Корсаков почувствовал, что сидит на чем-то низком и очень мягком. За окнами, действительно, были сумерки. Отсюда, из этой небольшой, по-старушечьи плотно заставленной мягкой мебелью комнаты, были видны только верхние этажи домов напротив.

Они шли не единой стеной, а были разноэтажны. От шеренги окон дома казались скучными, но что-то неожиданное, непривычное для московского пейзажа оживляло их. Корсаков напрягся и понял — его настораживал свет!

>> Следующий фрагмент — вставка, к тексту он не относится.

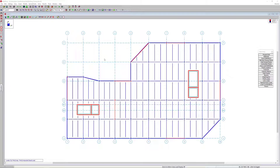RisaFloor utilizes intuitive floor-by-floor modeling input to design and optimize building systems constructed of composite and non-composite steel, concrete, masonry, wood, and cold-form steel. In this video, we'll take a look at the setup and design of composite steel floor systems in RisaFloor.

Сумерки были… сиреневые! На блеклых, дымчато-зеленых, коричневых, бежевых домах лежал оттенок догорающей сини. Догорающего дня. И пламя это — как все нечеловеческое! — было сиренево-электрическим, мертвенным. Как в первых пульсирующих вспышках неоновых дрожащих ламп…

— Не сердитесь на меня… Дорогой мой, Кирилл Александрович! — Евгения Корниловна полулежала в глубоком, очевидно, тоже очень мягком, почти воздушном кресле. — Не сердитесь, что я стала невольной… Ну, скажем… Дуэньей! Вашей дочери…

Она вздохнула.

— Вы поймите! Дорогой мой… Люди испокон веков желали только одного — счастья! Хоть малой толики! И всегда все было против них. И раньше, и сейчас… Ну, что, например, мой бедный Олежек?